EXERCISE INSTRUCTIONS: Every line from the one holding "Custom Cook Islands" to the end of the entries should be repeated exactly, with the pictures left out.

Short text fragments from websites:
━━━━━━━━━━

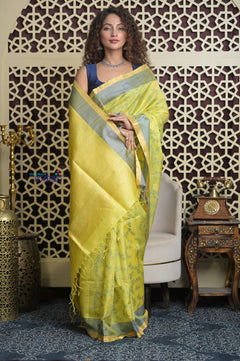 Shubh Lakshmi 2.0 ~ Designer Kora Silk Saree in Lime Yellow and Grey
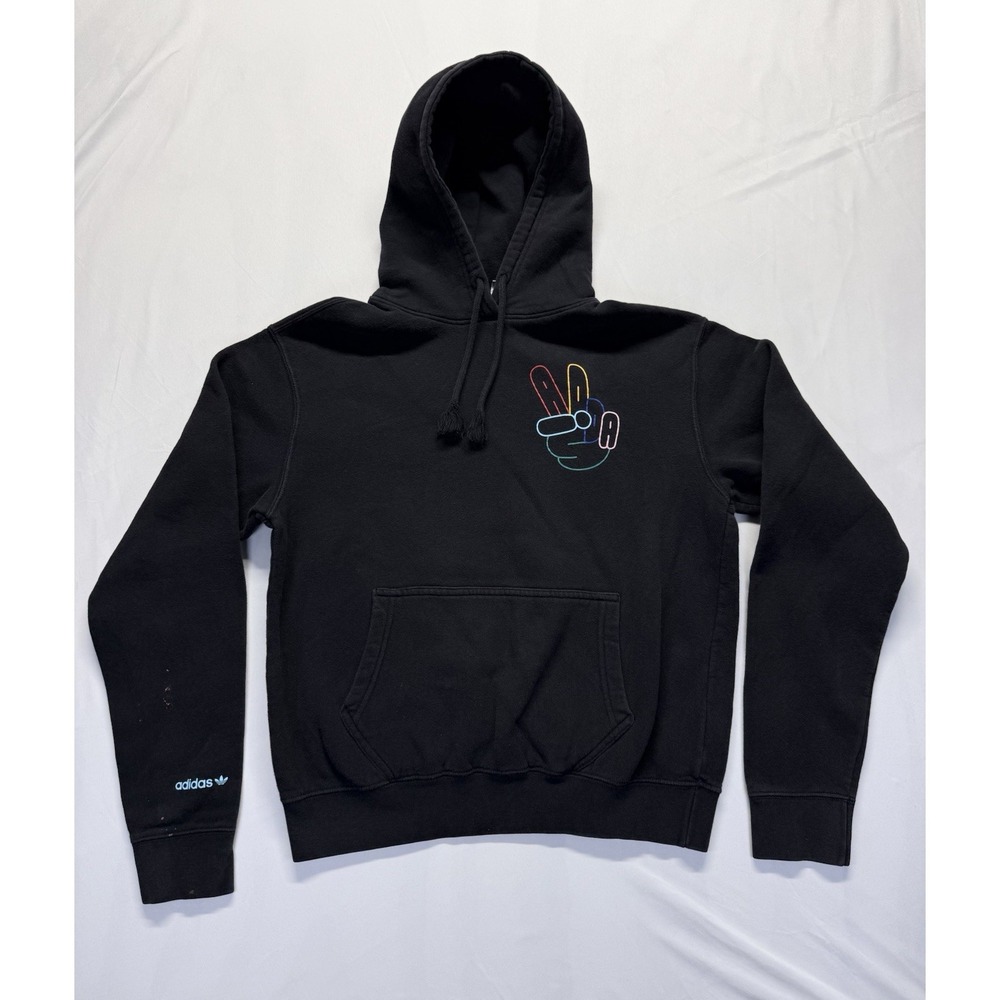 Adidas Originals Hoodie Black Peace Hand Graphic Pullover Sweatshirt Small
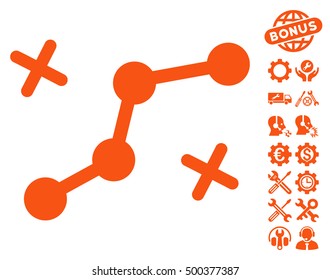 Route Points icon with bonus tools graphic icons. Vector illustration style is flat iconic symbols, orange color, white background.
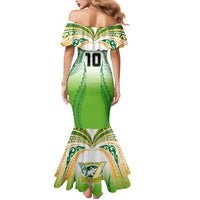 Custom Cook Islands Rugby League Mermaid Dress Avaiki Tatau Tribal Motifs White Color LT03 - Polynesian Pride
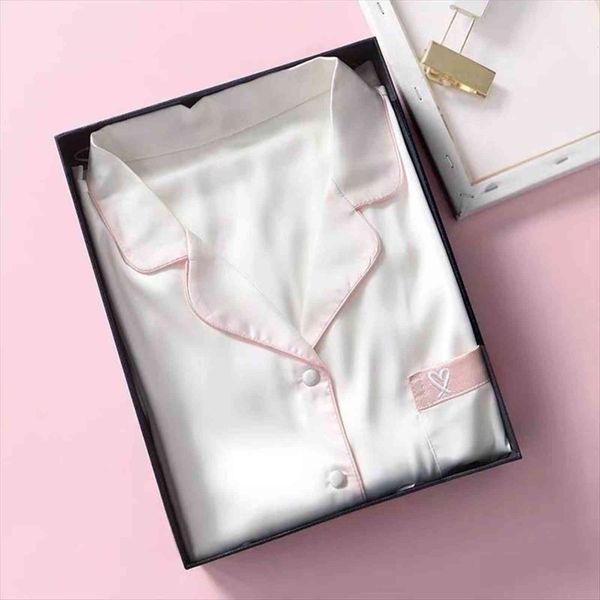 

silk pajamas summer two women sleepwear pieces set heart embroidery home clothes pijama long sleeve nightwear, Black;red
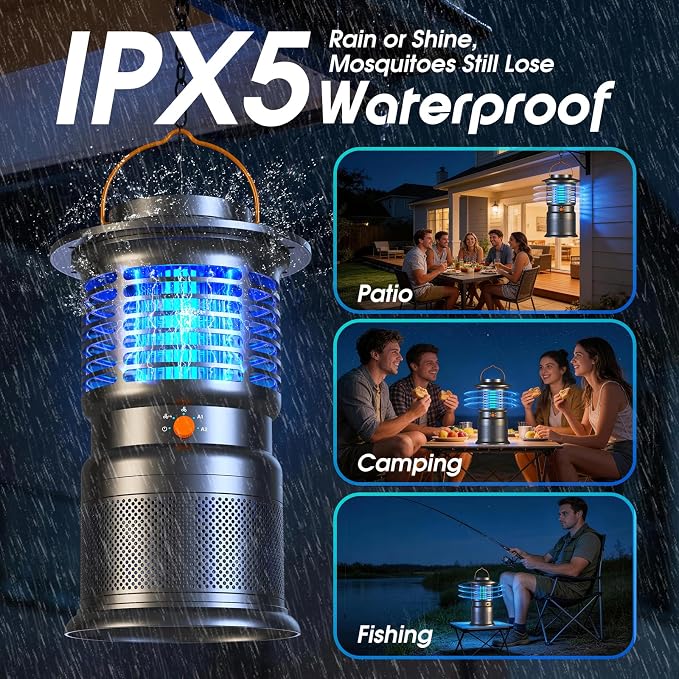Bug Zapper Outdoor, 2-in-1 Mosquito Zapper with Attraction Light & Airflow Trap, 12H Long-Lasting Rechargeable Cordless Fly Zapper, Auto ON/Off, IPX5 Waterproof or Patio, Camping, Garage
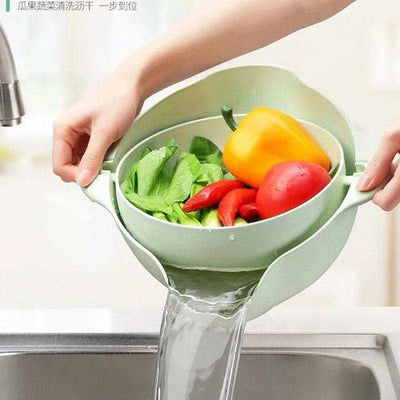 Double Layer Vegetable Washing Basin Draining Basket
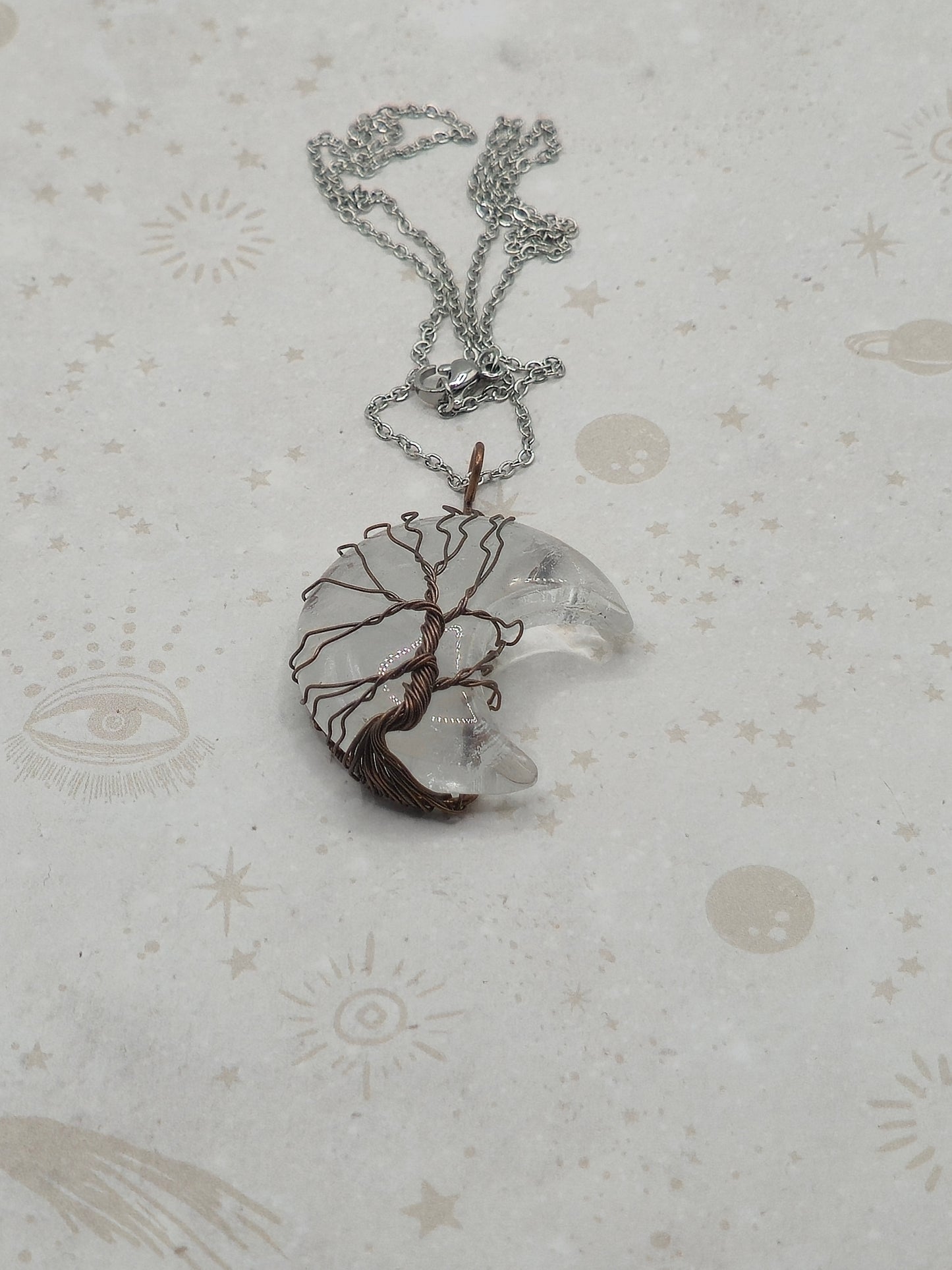 Natural Quartz Crystal Wire Wrapped Pendant Necklace, with Brass Tree of Life, on Crescent Moon, Red Copper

━━━━━━━━━━

ANSWER FOR THE TASK:
 Custom Cook Islands Rugby League Mermaid Dress Avaiki Tatau Tribal Motifs White Color LT03 - Polynesian Pride

silk pajamas summer two women sleepwear pieces set heart embroidery home clothes pijama long sleeve nightwear, Black;red
Bug Zapper Outdoor, 2-in-1 Mosquito Zapper with Attraction Light & Airflow Trap, 12H Long-Lasting Rechargeable Cordless Fly Zapper, Auto ON/Off, IPX5 Waterproof or Patio, Camping, Garage
 Double Layer Vegetable Washing Basin Draining Basket
 Natural Quartz Crystal Wire Wrapped Pendant Necklace, with Brass Tree of Life, on Crescent Moon, Red Copper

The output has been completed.